A collection agent or law firm that owns a collection account is a creditor. A creditor has several legal means of collecting a debt. But before the creditor can start, the creditor must go to court to receive a judgment. See the Bills.com resource Served Summons and Complaint to learn more about this process.

The court may decide to grant a judgment to the creditor. A judgment is a declaration by a court that the creditor has the legal right to demand a wage garnishment, a levy on the debtor’s bank accounts, and a lien against the debtor that affects the debtor’s property. A creditor that is granted a judgment is called a "judgment-creditor." Which of these tools the creditor will use depends on the circumstances. We discuss each of these remedies below.

Pennsylvania Wage Garnishment

The most common method used by judgment-creditors to enforce judgments is wage garnishment. A judgment-creditor contacts your employer and requires the employer to deduct a certain portion of your wages each pay period and send the money to the creditor.

n most states, creditors may garnish between 10% and 25% of your wages, with the percentage allowed determined by state law. Garnishment of Social Security benefits or pensions for consumer debt is not allowed under federal law, but may be allowed for child support. See the Bills.com Wage Garnishment article to learn more.

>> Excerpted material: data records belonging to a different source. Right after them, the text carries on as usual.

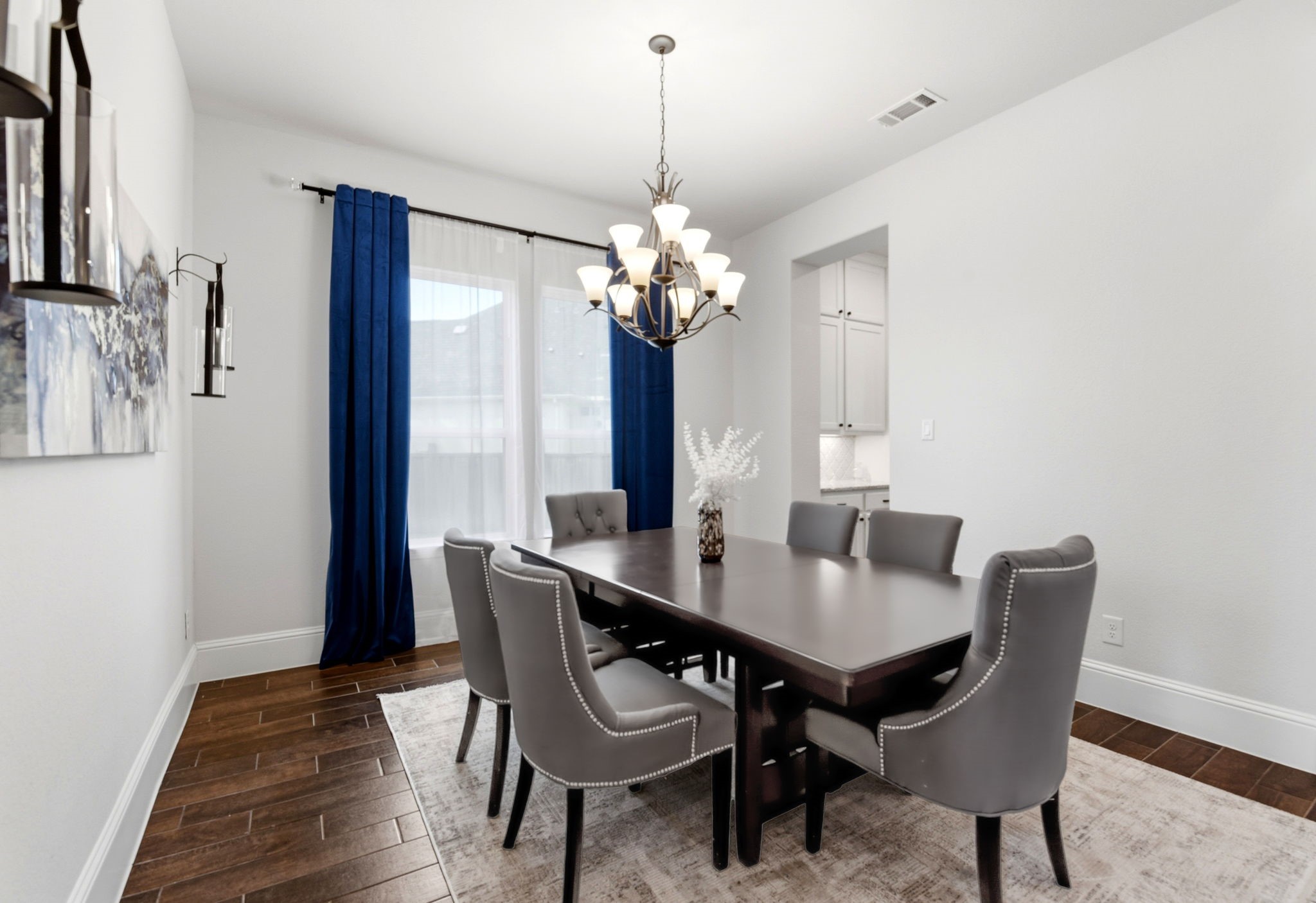 10062 South Goshawk Trail Conroe, TX 77385 - Photo 8 of 43 a view of a dining room with furniture wooden floor and chandelier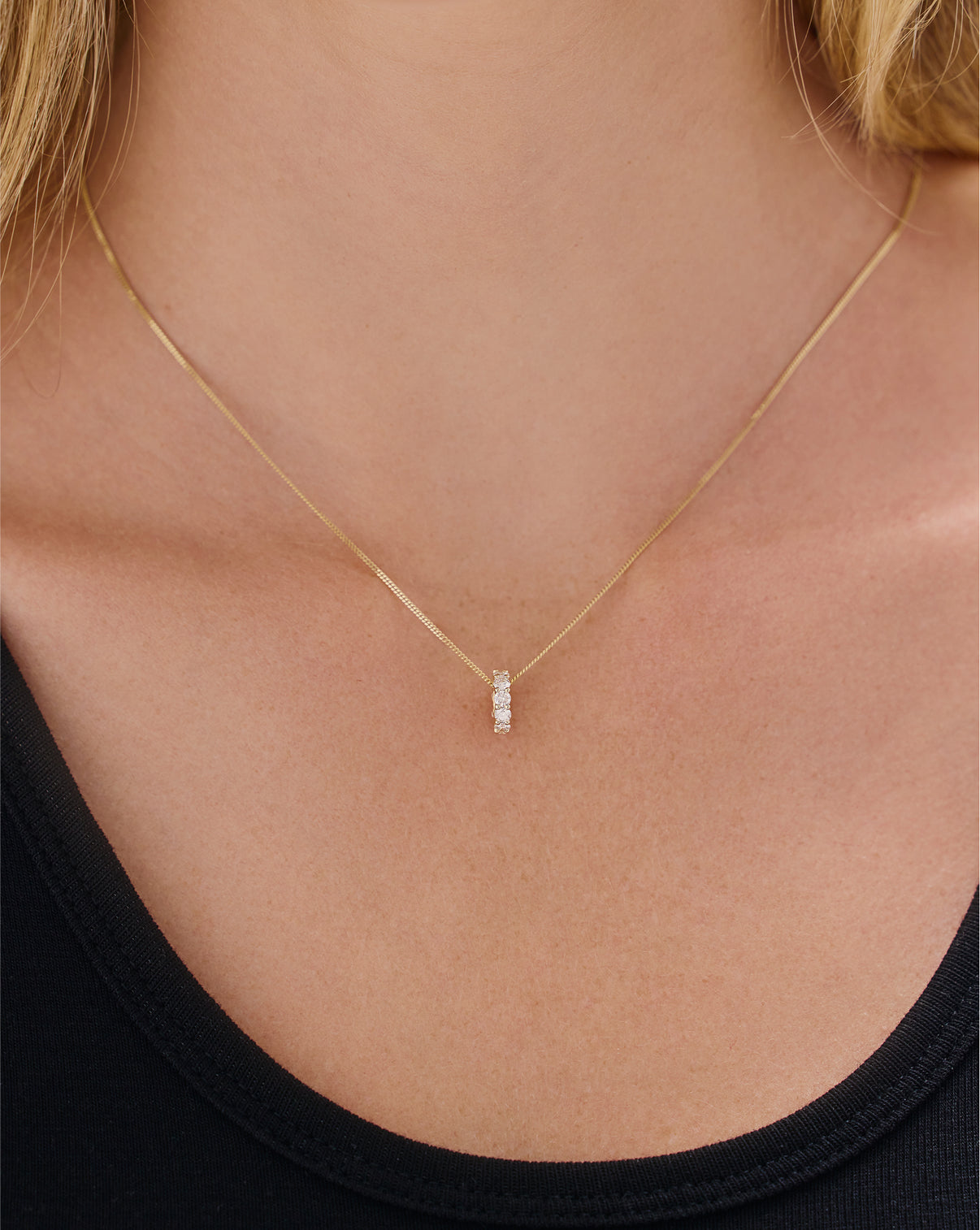 Round diamond bead charm worn on chain necklace showing elegant styling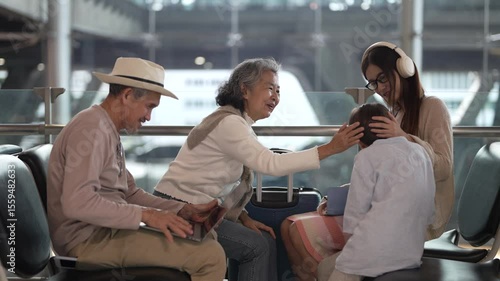Asian multigenerational family at airport traveling with kids and grandparents, joyful moments of vacation, family holiday trip with luggage before flight, tour, friendly airline, hotel for families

There is no wage garnishment in Pennsylvania, with three exceptions. The exceptions are landlord-tenant cases, child-support cases, and federal administrative wage garnishment actions, such as delinquent federal student loans. However, bank levies, which are called bank garnishments in Pennsylvania, are permitted (see below).

Under Pennsylvania law, arrearages in child support payments may result in attachment on wages as set forth in Section 4348 - Title 23 - Domestic Relations, regulated by the Consumer Credit Protection Act. Arrearages in child support payments may also be recovered from lottery winnings as set forth in Section 4308 - Title 23 - Domestic Relations.

Levy Bank Accounts

A levy means that the creditor has the right to take whatever money in a debtor’s account and apply the funds to the balance of the judgment. Again, the procedure for levying bank accounts, as well as what amount, if any, a debtor can claim as exempt from the levy, is governed by state law. Many states exempt certain amounts and certain types of funds from bank levies, so a debtor should review his or her state’s laws to find if a bank account can be levied. Some states call levy attachment or garnishment.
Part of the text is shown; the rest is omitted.